Yes, it can only be the new game from the fevered imagination of Tetsuya Mizuguchi, creator of previous rhythm classics such as Rez and Lumines.
With an imperious sweep of the hand, your aim locks on to the target and another flick of the wrist sends a missile or laser pulse to atomise the invaders, resulting in a furious kaleidoscope of sound and colour.
As you duck and weave on rails through mazy tunnels, the Kinect control system feels both empowering yet at times frustrating as the camera fails to keep up. But it's so much more enjoyable than the alternative control method of the gamepad.
It's all over a little too soon but if you have a Kinect, Child of Eden packs enough fresh ideas and visual fireworks for it to be unmissable.
Dungeon Siege III
A dungeon crawler injected with the storytelling firepower of the people who brought us Fallout New Vegas? Yes, that would be worth playing.
But the plot of DSIII turns out to be the least engaging part of this comfortingly familiar take on the classic Diablo.
With a choice of four playable characters (the usual suspects -- warrior, mage, and so on), the game loses little time in throwing you into endless corridors filled with monsters to be slaughtered and loot to be collected.

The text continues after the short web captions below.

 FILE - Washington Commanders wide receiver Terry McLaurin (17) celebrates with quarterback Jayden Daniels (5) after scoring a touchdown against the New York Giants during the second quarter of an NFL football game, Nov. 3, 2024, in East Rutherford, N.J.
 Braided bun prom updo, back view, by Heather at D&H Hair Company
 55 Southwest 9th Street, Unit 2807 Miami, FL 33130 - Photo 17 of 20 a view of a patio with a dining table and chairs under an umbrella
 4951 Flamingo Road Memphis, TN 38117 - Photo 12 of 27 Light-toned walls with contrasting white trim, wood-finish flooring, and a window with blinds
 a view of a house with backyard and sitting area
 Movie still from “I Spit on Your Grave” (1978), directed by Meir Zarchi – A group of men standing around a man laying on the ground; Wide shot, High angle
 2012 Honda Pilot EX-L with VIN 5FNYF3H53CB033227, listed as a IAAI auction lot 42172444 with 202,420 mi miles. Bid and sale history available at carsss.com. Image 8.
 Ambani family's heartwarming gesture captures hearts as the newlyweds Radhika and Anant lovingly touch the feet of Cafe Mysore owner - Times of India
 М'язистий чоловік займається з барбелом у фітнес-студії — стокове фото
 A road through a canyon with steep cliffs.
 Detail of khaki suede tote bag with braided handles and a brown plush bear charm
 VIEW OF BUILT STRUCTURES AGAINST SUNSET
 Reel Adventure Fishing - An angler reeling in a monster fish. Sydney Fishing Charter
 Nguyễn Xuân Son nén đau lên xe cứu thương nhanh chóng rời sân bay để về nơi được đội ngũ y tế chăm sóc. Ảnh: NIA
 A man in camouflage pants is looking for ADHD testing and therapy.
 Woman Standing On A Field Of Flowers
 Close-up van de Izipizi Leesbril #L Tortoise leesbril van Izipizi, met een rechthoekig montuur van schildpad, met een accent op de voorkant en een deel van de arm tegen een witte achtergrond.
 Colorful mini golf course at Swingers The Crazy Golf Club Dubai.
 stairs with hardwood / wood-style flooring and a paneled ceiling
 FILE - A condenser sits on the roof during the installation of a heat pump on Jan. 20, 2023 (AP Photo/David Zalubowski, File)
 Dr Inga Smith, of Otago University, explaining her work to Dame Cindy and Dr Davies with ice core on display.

Combat is fast and furious thanks to co-op play and there are graphical treats aplenty on your adventures underground. When you come up for air in the towns, a host of side quests interwoven with sly humour keep the gameplay from getting stale.
But you never shake the sense of deja-vu that says it's all been done better before.
White Knight Chronicles II
A sequel to a Final Fantasy wannabe that no one was asking for, WKCII commits many of the sins of its predecessor -- ponderous, elongated cut-scenes, poor acting and confusing controls.
This time, even the ability to metamorphise into a 50ft-high knight cannot save this generic effort from mid-table mediocrity.
Bits and Bytes
Food for thought
> Two new apps worth a mention this week -- the ubiquitous Neven Maguire gets his mug onto the iPad/iPhone with a collection of more than 60 recipes and a shopping list function. The app costs €5.
Also just out is iSpySculpture, a €3 app which introduces you to a collection of 50 famous sculptures around Dublin, all within a 1km radius of the city centre.
G-unning for a 'like'
> Just when you thought we had all overdosed on social networking, along comes Google with another bash at matching the likes of Facebook and Twitter.
With failures such as Orkut, Buzz and Wave behind it, Google will be hoping the new service called Google+ will have more success.
It allows users to share photos, messages and video chats with their friends.
Initially available to only a small number of users worldwide, Google+ has its work cut out catching up to Facebook, which has more than 500 million members.
Sky's no limits
> Sky is revamping its online catch-up service, rebranding the Sky Player as Sky Go and giving subscribers free access to more than 30 live channels on a range of devices from iPad to laptop.
You will be able to watch two different channels on different devices with just the one subscription, making that €76 a month for the top package a little easier to swallow.
The change goes live from tomorrow.
> The winner of the Child of Eden competition was James Glynn.